たかが数時間話しただけの関係で何が分かるのかと言われればそれまでだが、素直にそう思った。
しかし、やはり気になることもある。
少なくとも暁は、自分の家も職場も友人関係も、全て覚えている。
何故か沖田の記憶だけがすっぽりと抜け落ちてしまっていて、それだけが気掛かりだった。
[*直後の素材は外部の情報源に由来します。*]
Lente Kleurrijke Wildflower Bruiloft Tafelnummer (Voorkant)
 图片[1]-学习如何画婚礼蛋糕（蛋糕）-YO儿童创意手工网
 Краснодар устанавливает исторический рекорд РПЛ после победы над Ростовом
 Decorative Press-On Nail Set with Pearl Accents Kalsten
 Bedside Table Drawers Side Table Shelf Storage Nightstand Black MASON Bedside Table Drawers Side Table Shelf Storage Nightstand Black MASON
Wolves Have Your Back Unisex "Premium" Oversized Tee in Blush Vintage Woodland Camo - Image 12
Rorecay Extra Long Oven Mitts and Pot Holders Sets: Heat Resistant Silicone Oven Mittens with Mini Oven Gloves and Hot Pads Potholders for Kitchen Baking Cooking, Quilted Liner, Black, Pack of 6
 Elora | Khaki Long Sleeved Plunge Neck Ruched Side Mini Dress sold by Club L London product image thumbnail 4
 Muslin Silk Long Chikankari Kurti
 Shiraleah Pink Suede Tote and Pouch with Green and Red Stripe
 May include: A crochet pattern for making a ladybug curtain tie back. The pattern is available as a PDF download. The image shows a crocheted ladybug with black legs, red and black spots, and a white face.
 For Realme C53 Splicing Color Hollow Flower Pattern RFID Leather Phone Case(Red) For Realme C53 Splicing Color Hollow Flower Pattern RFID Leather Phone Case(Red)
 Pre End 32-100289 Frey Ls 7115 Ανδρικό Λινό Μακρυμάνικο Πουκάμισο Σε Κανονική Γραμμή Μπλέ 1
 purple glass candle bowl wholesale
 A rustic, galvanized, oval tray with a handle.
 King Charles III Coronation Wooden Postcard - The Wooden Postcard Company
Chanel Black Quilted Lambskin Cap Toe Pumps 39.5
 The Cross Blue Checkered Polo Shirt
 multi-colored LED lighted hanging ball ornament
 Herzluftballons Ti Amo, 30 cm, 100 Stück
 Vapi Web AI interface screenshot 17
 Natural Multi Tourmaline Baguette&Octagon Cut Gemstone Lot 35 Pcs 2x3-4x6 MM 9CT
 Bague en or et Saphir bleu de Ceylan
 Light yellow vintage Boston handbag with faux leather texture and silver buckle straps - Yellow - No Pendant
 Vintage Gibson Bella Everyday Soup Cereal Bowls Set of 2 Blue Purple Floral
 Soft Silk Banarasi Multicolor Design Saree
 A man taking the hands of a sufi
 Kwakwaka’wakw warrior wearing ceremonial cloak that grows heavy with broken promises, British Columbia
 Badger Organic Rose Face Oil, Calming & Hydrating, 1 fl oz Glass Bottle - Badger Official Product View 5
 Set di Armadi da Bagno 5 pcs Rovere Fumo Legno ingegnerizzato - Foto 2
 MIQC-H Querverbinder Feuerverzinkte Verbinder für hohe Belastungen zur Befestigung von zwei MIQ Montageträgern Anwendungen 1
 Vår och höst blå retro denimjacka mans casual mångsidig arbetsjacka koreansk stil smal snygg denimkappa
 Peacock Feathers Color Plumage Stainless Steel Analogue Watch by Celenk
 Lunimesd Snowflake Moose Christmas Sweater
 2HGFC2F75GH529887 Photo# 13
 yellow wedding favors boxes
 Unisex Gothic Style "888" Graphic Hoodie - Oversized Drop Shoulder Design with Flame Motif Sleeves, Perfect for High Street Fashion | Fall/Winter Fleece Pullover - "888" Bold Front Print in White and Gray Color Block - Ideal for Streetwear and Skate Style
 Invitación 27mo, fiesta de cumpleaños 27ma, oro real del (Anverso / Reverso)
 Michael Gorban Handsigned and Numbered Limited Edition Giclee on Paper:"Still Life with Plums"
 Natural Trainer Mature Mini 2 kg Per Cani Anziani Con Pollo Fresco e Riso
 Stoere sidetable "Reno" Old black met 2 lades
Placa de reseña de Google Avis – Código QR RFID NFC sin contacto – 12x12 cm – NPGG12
「...あ、そういえばスマホ。...スーツのポケットとかかな」
そんなことを考えていると、一番の情報源であるスマートフォンの所在が気になり出す。
暁が何気なくそう呟けば、静かに酒を飲んでいた沖田は遠慮がちに口を開いた。
「....伝え忘れてたんだけど、たぶんスマホ生きてないと思う。昨日暁が倒れてたところの近くに用水路あるじゃん?スマホ、そこに落ちてて水没してたから。一応乾かそうと思ってそこに置いてあるけど」
「え、まじ」
沖田の言葉に暁は慌てて指さされた方向へと視線を向ける。
そこには真っ白なタオルの上にぽつりと置かれたスマホがあった。
暁は僅かな希望を胸に電源ボタンを長押ししてみるが、やはり反応はない。
引き継ぎなど何もしていないし、連絡手段となるアプリのIDやパスワードもこのスマホの中にしかない。
「....完全にやらかした」
「まあまあ、あんまり落ち込まないで。明日スマホも新規に契約してきたら?ないと不便でしょ」
「...うん、そうする」
社用携帯は別にあるし、ひとまず会社関係で困ることはない。
ただ不便だというだけだ。
それに今は自分と関係の深いらしい沖田が傍に居てくれている。
それだけでも妙な安心感はあった。
「スマホ契約したら沖田さんの連絡先真っ先に登録したいから、後で紙に書いてもらってもいい?」
起きてしまったことはしょうがない。
元はと言えば自身の不注意が招いたことだ、いつまでも落ち込んでいるわけにもいかない。
気持ちを切り替えて沖田にそう伝えれば、沖田は嬉しそうに顔を綻ばせた。